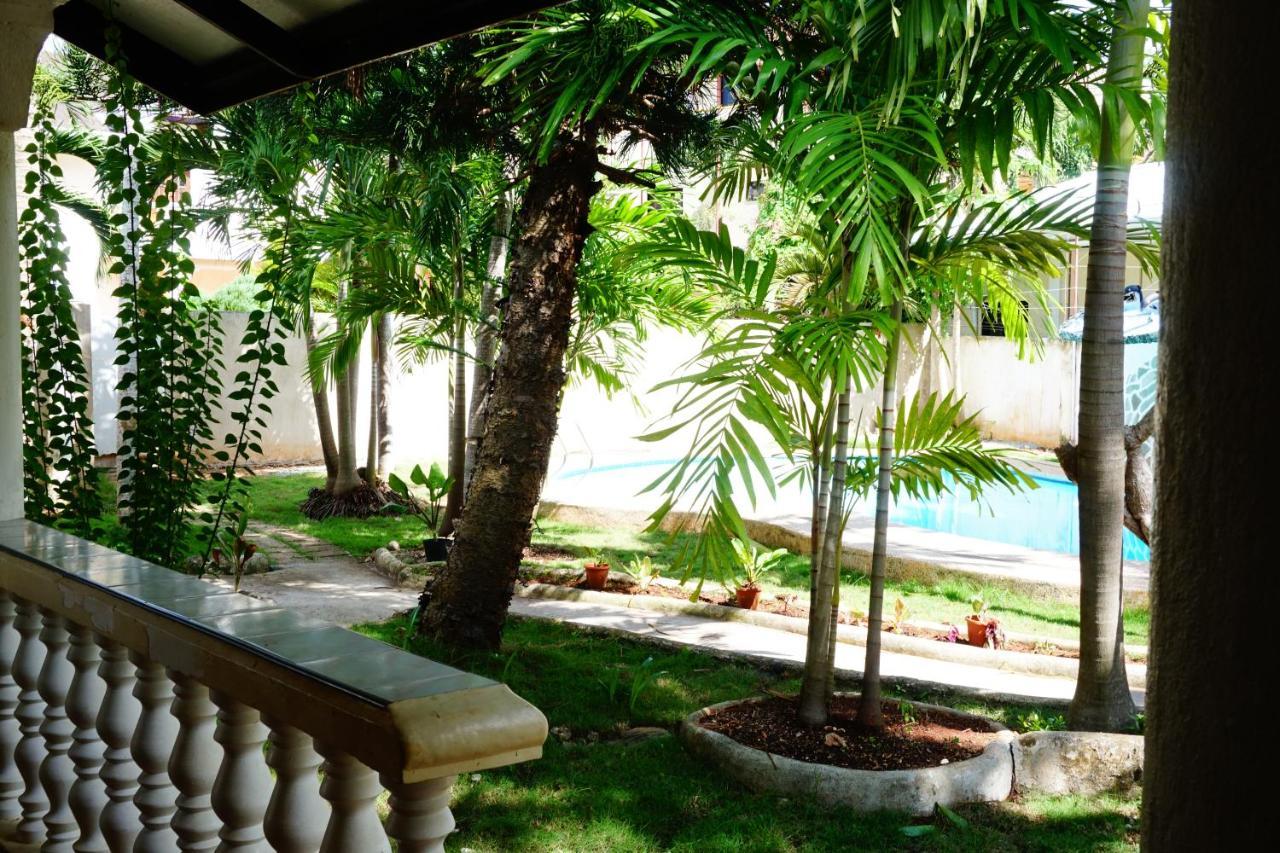 Flower Garden Resort Panglao Esterno foto
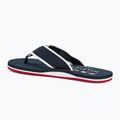 Papuci pentru bărbați Tommy Hilfiger Patch Beach Sandal desert sky 3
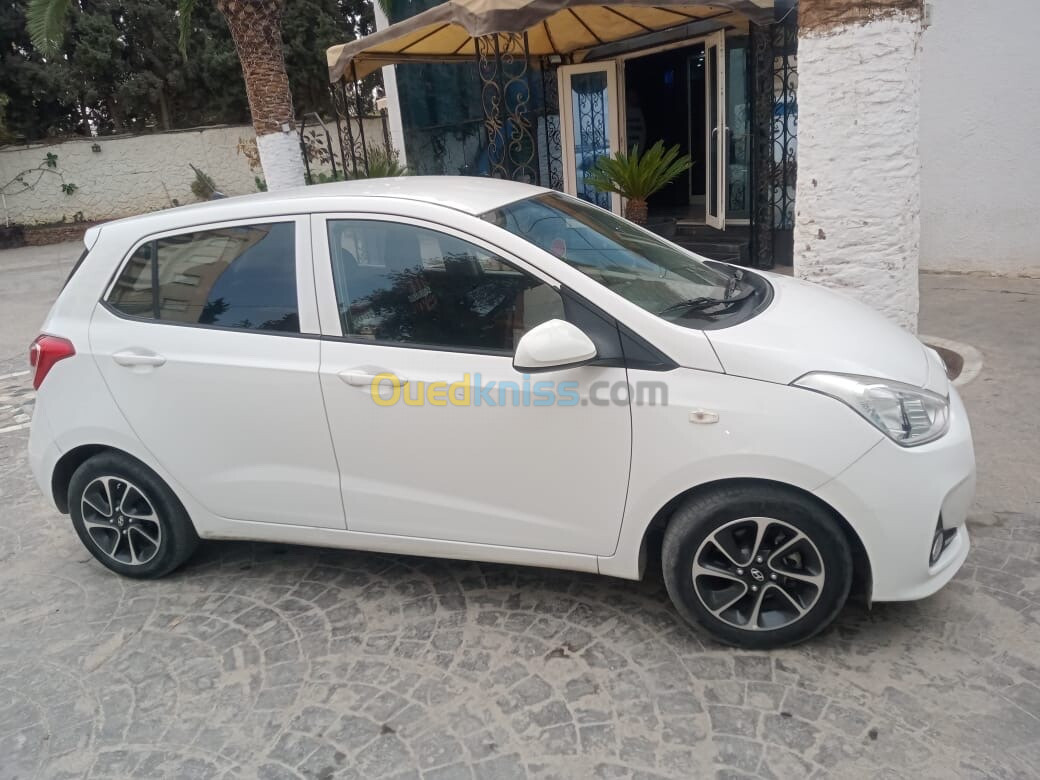 Hyundai Grand i10 2018 Restylée DZ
========================
> _Exercise instructions_: Without the pictures, write out the whole listing exactly as it appears.

> _Task answer_:
 Flower Garden Resort Panglao Esterno foto
 Papuci pentru bărbați Tommy Hilfiger Patch Beach Sandal desert sky 3
 Hyundai Grand i10 2018 Restylée DZ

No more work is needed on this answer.